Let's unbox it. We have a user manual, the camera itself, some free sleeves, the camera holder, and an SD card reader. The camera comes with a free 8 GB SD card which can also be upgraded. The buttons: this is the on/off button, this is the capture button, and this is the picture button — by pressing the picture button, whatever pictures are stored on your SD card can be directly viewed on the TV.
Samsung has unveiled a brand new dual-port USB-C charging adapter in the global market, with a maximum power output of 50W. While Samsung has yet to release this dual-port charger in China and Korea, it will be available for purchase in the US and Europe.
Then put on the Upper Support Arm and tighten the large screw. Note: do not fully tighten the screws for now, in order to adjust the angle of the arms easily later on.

--

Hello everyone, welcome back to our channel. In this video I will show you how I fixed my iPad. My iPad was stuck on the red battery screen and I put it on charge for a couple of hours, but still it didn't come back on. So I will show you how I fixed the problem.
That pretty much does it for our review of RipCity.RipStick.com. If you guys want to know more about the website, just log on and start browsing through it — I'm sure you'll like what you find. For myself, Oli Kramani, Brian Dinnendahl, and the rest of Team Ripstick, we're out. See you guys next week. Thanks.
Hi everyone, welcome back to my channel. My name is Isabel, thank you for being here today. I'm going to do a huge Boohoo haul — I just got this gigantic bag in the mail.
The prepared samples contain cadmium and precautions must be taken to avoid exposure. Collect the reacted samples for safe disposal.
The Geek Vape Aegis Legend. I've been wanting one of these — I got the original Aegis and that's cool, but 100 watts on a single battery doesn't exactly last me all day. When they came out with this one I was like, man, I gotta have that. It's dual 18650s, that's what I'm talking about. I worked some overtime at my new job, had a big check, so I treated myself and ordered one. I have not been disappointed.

==

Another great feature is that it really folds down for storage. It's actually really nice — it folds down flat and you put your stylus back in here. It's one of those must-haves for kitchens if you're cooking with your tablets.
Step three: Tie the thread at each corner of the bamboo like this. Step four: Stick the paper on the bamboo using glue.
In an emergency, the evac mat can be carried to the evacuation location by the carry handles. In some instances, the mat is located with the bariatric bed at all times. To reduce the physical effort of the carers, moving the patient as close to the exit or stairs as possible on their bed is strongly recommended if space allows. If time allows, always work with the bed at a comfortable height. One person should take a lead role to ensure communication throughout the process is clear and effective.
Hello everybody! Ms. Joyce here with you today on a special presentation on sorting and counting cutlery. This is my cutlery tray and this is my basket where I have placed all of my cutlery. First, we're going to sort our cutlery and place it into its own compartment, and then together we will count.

- [Problem statement]: Start with the line above that contains "Hi everyone, welcome" and end with the line that contains "The prepared samples". Write out those lines exactly, and only those.

- [Result]:
Hi everyone, welcome back to my channel. My name is Isabel, thank you for being here today. I'm going to do a huge Boohoo haul — I just got this gigantic bag in the mail.
The prepared samples contain cadmium and precautions must be taken to avoid exposure. Collect the reacted samples for safe disposal.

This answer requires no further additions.